Anti-Measure R Forces Say No to Recall Strategy : Politics: The grass-roots Committees of Correspondence votes to mount an effort to roll back the county sales tax to 6.5% in 1997 and eventually to 5%.
ORANGE — Instead of targeting elected officials for recall, a coalition of Measure R opponents voted Wednesday to try to lower the county sales tax to 5%.
The year-old Committees of Correspondence, a grass-roots group of 15 organizations from 77 cities and communities in the county, said merely defeating Measure R was not enough.
“If we can lower the sales tax, if it’s feasible, we ought to do it,” said Bill Mello of Huntington Beach, one of the leaders of the group. “The only way we are going to correct government is obviously to cut off the money it gets.”
The group also voted to survey the wages and benefits paid to local and county government workers and compare them with private sector wages and benefits.
Wednesday’s vote at Orange City Hall came during the first meeting of the Committees since last month’s resounding defeat of Measure R, the half-cent sales tax increase aimed at helping the county recover from bankruptcy.
The Committees helped lead the fight against the tax and peppered its campaign with threats that those elected officials who supported it could find themselves the target of a recall after the vote.
The group on Wednesday night temporarily abandoned its idea of recalling those elected officials who supported Measure R. Some of those often mentioned as potential targets included Sheriff Brad Gates, who served as the leader of the Measure R forces; Supervisor Marian Bergeson, county Auditor-Controller Steve E. Lewis, and any of the approximately 45 elected officials on city councils and school boards who voted to borrow money to invest in the failed county pool.
Mello said before the meeting that he would try to defuse any recall effort. There are more important things the group should be doing then focusing on the recall of powerful political figures who will face reelection in the future, Mello said.

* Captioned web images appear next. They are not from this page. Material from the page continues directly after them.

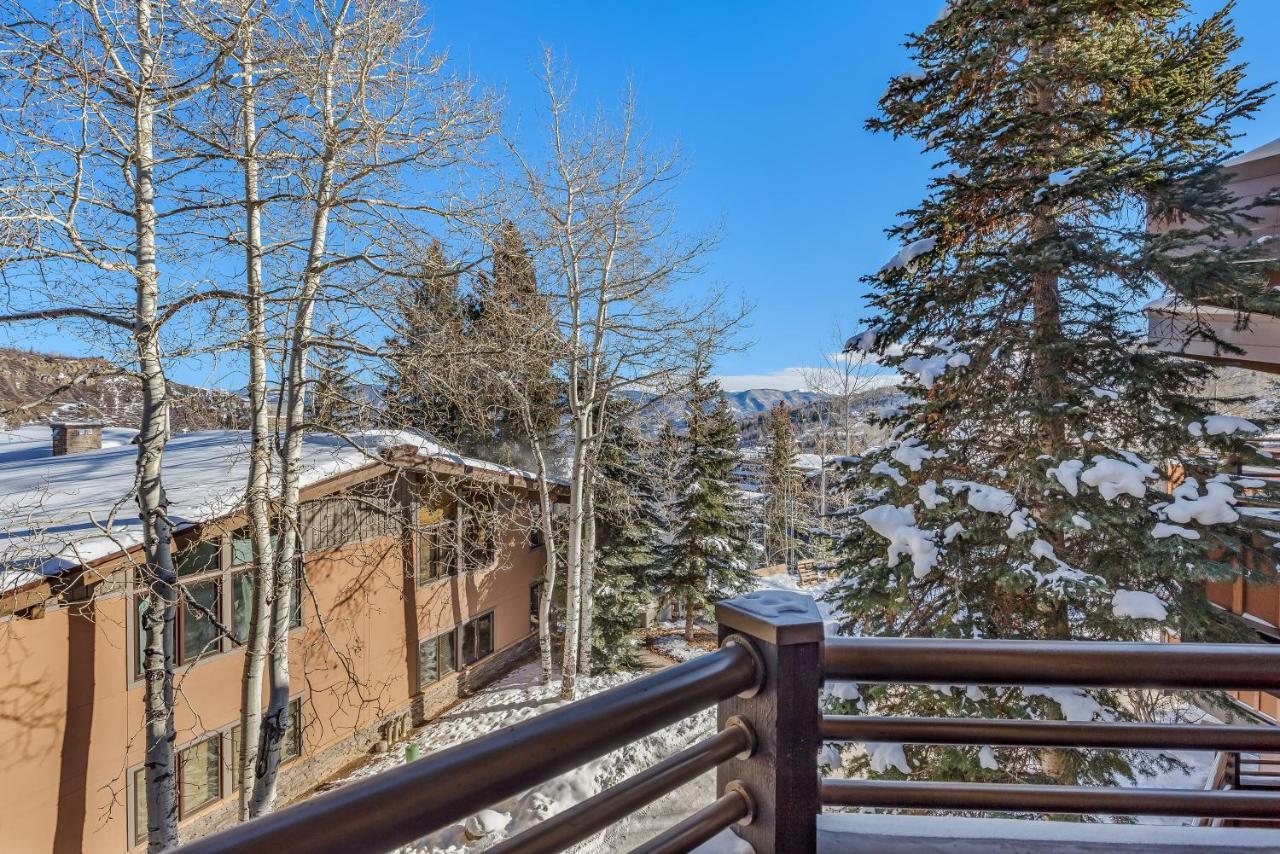 Laurelwood Condominiums 113 Сноумасс-Віллідж Екстер'єр фото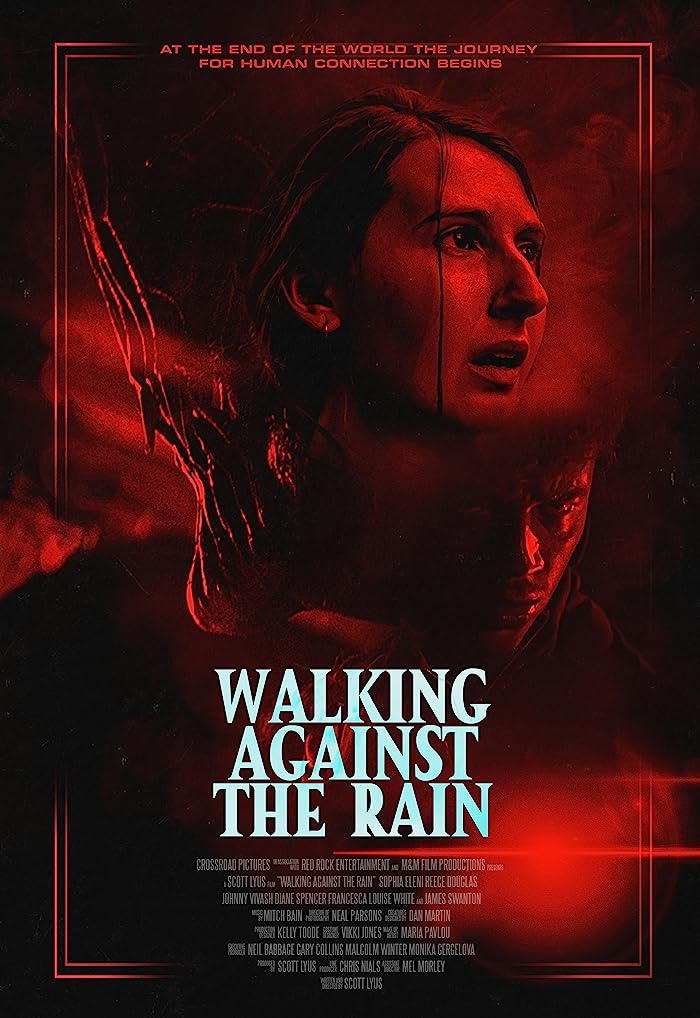 فيلم Walking Against the Rain 2023 مترجم اون لاين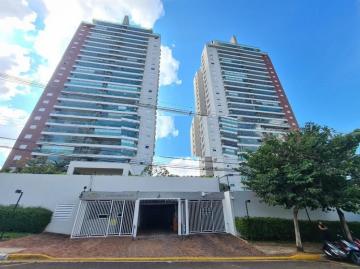 Apartamento pra Locação, Edifício Porto Búzios, Jardim Botânico, Ribeirão Preto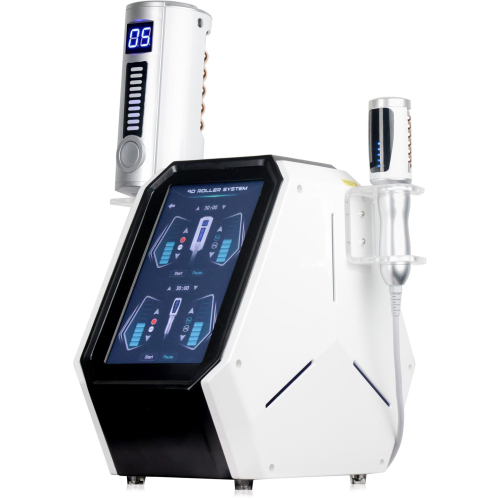 Апарат ролікової системи Body slim roller XS new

Recalls are not only time-consuming, but costly, said Mello, alluding to the fact that the Lincoln Club, a powerful Republican fund-raising group, had recently donated $50,000 to the recall of Assemblywoman Doris Allen (R-Cypress), who has been targeted for allegedly conspiring with Democrats to become speaker of the state’s lower house.
“That’s a heck of a lot of money for a grass-roots group that consists mostly of citizens who are struggling to get by,” Mello said. “If we had $50,000, we could put it to much better use than that. These politicians will be up for reelection and we will get them then.”
Along with campaign costs, a recall election costs the community--either city, county or state--an estimated $1 to $1.25 for each registered voter, said a spokeswoman for the county Registrar of Voters.
The group’s plan for reducing the sales tax would be to cut it to 6.5% in 1997 and then reduce it gradually to 5%.
“We think if the sales tax goes down, we would lure more new businesses to Orange County. The higher it is, the more people shop someplace else,” said anti-tax activist Carole Walters of Orange.